Julia: range indexing should produce a subarray, not a copy

Created on 12 Jul 2013 · 32Comments · Source: JuliaLang/julia

I would prefer that range indexing of an Array (e.g. X[1:10, :]) created a SubArray (a view/reference), not a copy. This seems more in the spirit of Julia's pass-by-reference semantics, and would eliminate some of the performance gotchas with range indexing.

It might also make future loop-devectorization optimization easier, because subarray references can be devectorized back into references to the original array without worrying that you will be changing the semantics.

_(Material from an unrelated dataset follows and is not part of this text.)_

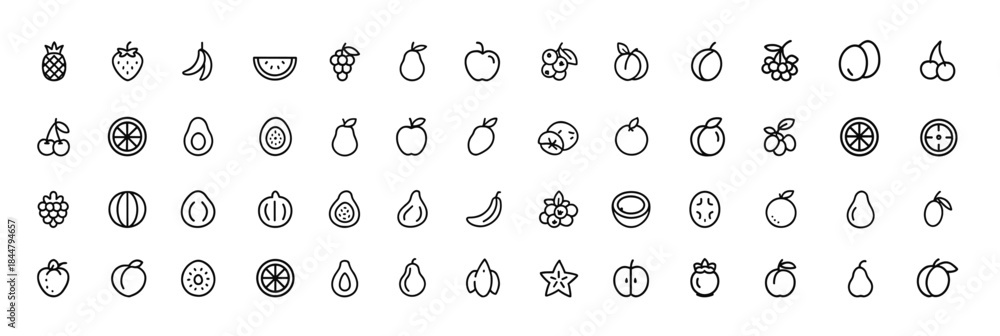 Naklejka premium Fruit Food Icon Set, Black Glyph Silhouettes of Pineapple, Strawberry, Banana, Watermelon, Grapes, Mango, Blueberries, Peach, Cherry, Lemon, Avocado, Kiwi, Fresh Produce Illustration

It would reduce Matlab compatibility, but we already do that with pass-by-reference and so I doubt many users will be surprised by having the same reference semantics for range indexing.

This is something that has come up informally several times on the mailing list, but I didn't see any issue for it.

breaking

Source

stevengj

Most helpful comment

I find myself wanting to use this pattern all the time: a .= b[:,i]
But it seems that the right way to do this is: a .= view(b,:,i), which reads a bit less clearly (besides not being able to use end).

a = zeros(1000)
b = zeros(1000,10)

function f1(a,b,i)
    a[:] = b[:,i]
    nothing
end
function f2(a,b,i)
    a .= b[:,i]
    nothing
end
function f3(a,b,i)
    a .= view(b,:,i)
    nothing
end

@time f1(a,b,1)
  0.000011 seconds (6 allocations: 8.109 KiB)
@time f2(a,b,1)
  0.000006 seconds (6 allocations: 8.109 KiB)
@time f3(a,b,1)
  0.000002 seconds (4 allocations: 160 bytes)

Preserving the semantics of copying on slicing, could the compiler optimise away the copy in a .= b[:,i]? That would seem logical for a dot-operation, barring further use of the RHS through the return value.

I find the idea of module-wide @views begin ... end dangerous as it makes the semantics modal.

damiendr on 3 Aug 2017

👍3

All 32 comments

Thanks for making the issue. We should definitely do this.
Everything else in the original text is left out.